::: Extracted information

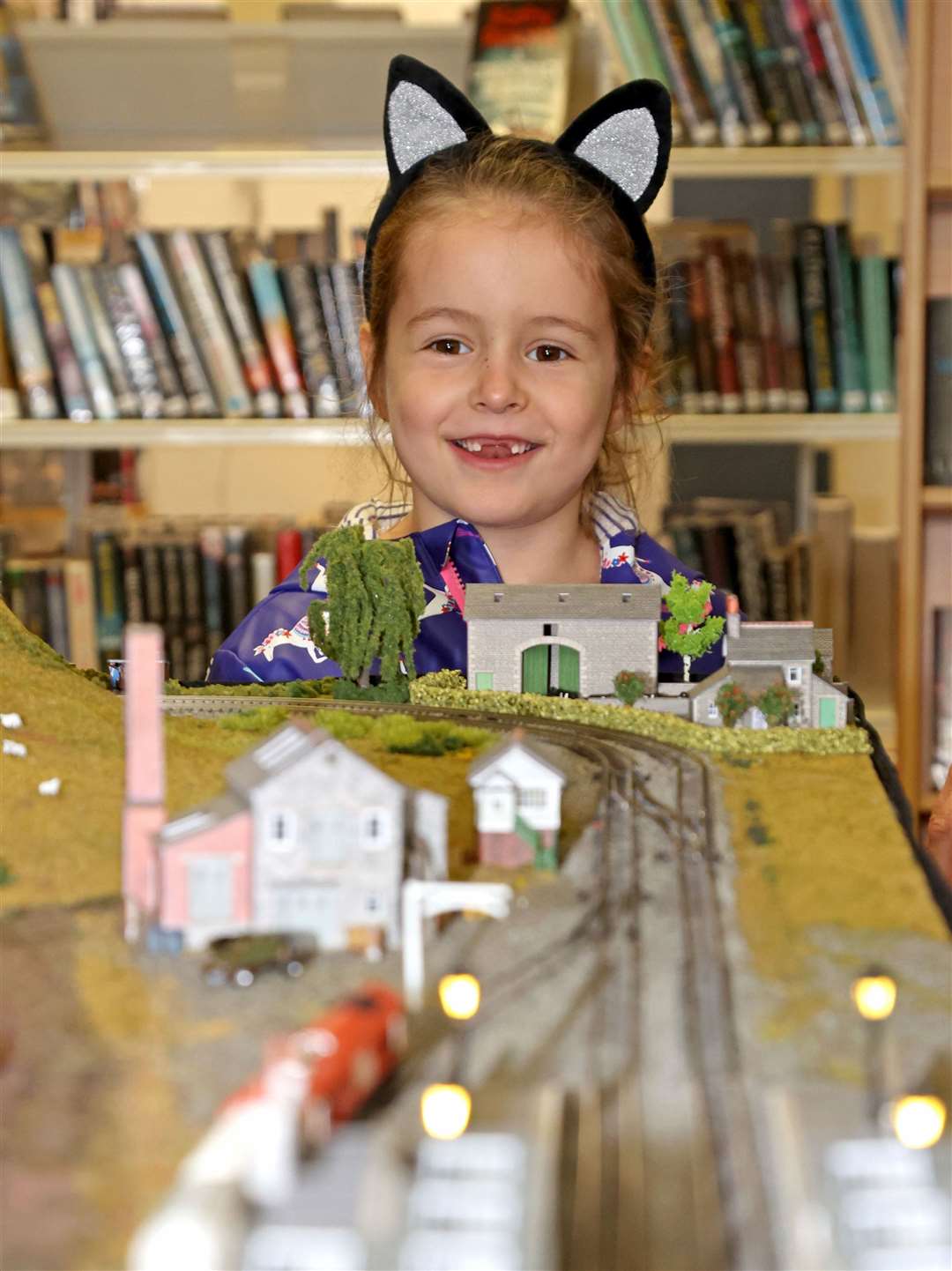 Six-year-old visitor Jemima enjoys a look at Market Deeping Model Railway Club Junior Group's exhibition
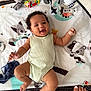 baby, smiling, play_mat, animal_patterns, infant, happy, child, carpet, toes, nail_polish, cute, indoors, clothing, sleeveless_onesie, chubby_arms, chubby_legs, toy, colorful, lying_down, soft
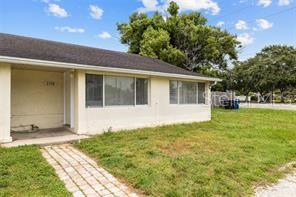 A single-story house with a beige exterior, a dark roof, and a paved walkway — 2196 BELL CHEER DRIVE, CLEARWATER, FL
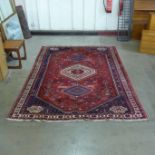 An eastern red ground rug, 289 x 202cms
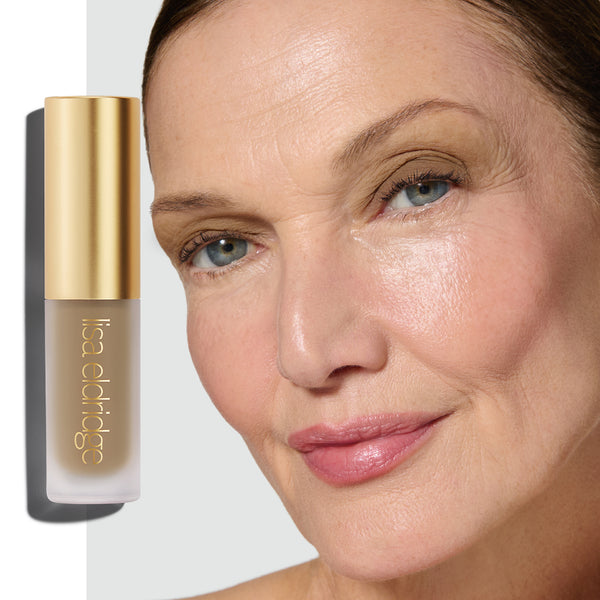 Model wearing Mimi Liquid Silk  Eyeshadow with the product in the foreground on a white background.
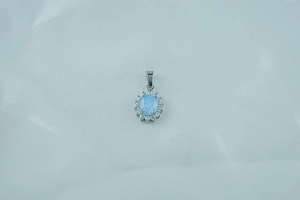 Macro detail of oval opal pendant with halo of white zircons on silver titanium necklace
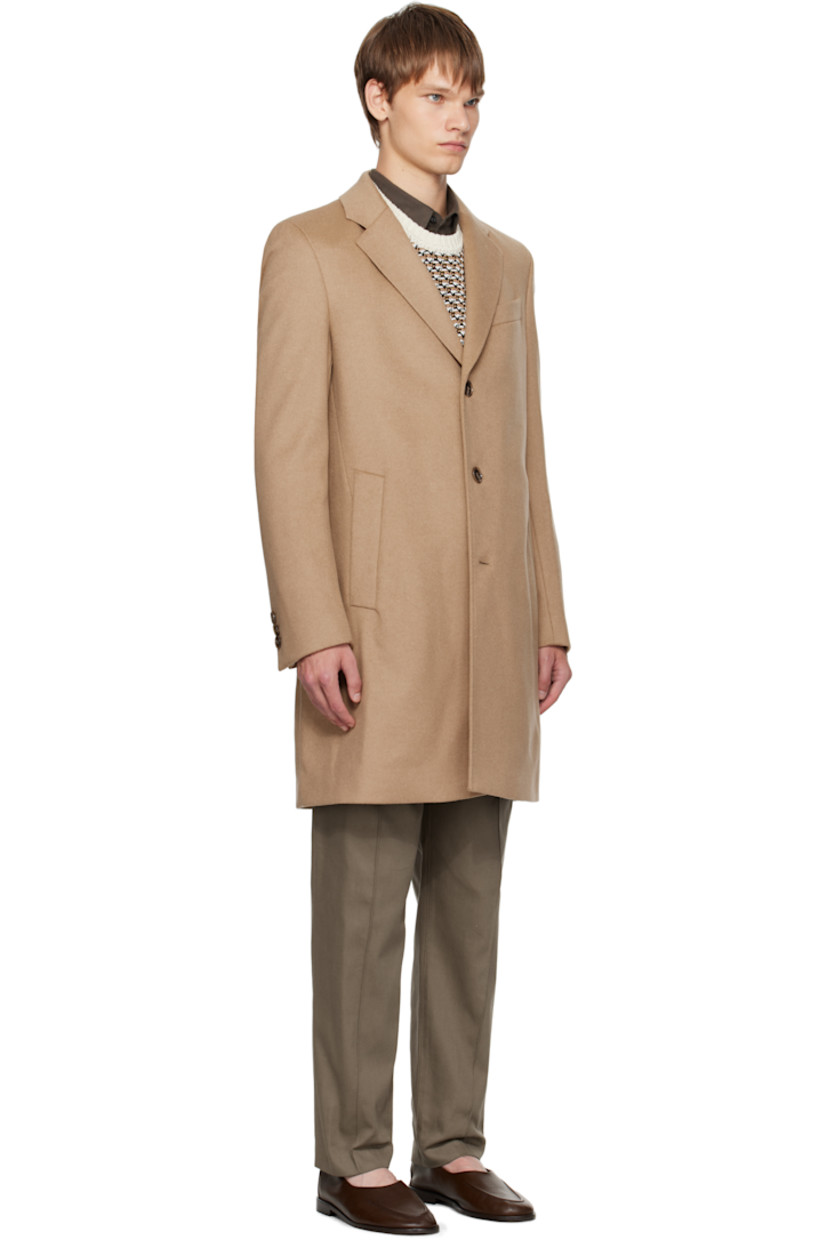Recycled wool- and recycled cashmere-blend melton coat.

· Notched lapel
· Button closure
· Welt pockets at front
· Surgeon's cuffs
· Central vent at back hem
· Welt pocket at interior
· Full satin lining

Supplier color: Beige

::::::

= Task directions =
For this exercise, set down exactly the lines that run from the line holding "Recycled wool- and" to the last line of the records above; include both end lines and omit pictures.

= Exercise answer =
Recycled wool- and recycled cashmere-blend melton coat.

· Notched lapel
· Button closure
· Welt pockets at front
· Surgeon's cuffs
· Central vent at back hem
· Welt pocket at interior
· Full satin lining

Supplier color: Beige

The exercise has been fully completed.